Wherever the string "Wood" shows up in the records below, return that line.

Stored data entries:
----

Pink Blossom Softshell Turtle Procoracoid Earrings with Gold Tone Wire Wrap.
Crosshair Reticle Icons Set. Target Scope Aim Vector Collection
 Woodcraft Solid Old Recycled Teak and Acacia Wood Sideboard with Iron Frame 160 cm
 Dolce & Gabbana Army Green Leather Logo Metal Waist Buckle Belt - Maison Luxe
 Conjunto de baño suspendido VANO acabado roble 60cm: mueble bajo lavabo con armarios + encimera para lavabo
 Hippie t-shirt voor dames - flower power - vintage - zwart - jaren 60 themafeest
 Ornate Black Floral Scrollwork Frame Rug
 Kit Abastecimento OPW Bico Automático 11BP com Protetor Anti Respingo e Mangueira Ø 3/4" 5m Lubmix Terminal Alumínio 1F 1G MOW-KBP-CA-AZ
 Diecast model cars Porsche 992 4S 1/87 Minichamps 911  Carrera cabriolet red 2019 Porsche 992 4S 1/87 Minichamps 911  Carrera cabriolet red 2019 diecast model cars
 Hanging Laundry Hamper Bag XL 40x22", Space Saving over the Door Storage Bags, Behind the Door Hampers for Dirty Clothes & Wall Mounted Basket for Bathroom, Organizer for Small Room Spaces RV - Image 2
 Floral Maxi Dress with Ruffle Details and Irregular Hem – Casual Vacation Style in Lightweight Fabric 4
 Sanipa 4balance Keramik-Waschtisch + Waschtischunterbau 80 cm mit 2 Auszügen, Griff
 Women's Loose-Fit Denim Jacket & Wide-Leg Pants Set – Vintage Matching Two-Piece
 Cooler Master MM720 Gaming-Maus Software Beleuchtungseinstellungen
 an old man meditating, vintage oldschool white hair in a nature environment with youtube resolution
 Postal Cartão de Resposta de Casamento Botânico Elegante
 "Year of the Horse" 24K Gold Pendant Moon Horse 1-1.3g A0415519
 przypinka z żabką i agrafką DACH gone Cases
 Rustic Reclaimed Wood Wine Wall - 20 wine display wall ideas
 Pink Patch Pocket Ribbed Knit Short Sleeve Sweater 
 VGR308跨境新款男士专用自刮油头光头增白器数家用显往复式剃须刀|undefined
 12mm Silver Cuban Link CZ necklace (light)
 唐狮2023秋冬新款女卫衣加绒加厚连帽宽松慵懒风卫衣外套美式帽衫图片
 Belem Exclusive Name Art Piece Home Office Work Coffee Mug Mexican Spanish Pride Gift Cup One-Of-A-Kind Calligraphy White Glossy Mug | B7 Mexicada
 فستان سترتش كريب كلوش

----

*SOLUTION TO THIS TASK*
 Woodcraft Solid Old Recycled Teak and Acacia Wood Sideboard with Iron Frame 160 cm
 Rustic Reclaimed Wood Wine Wall - 20 wine display wall ideas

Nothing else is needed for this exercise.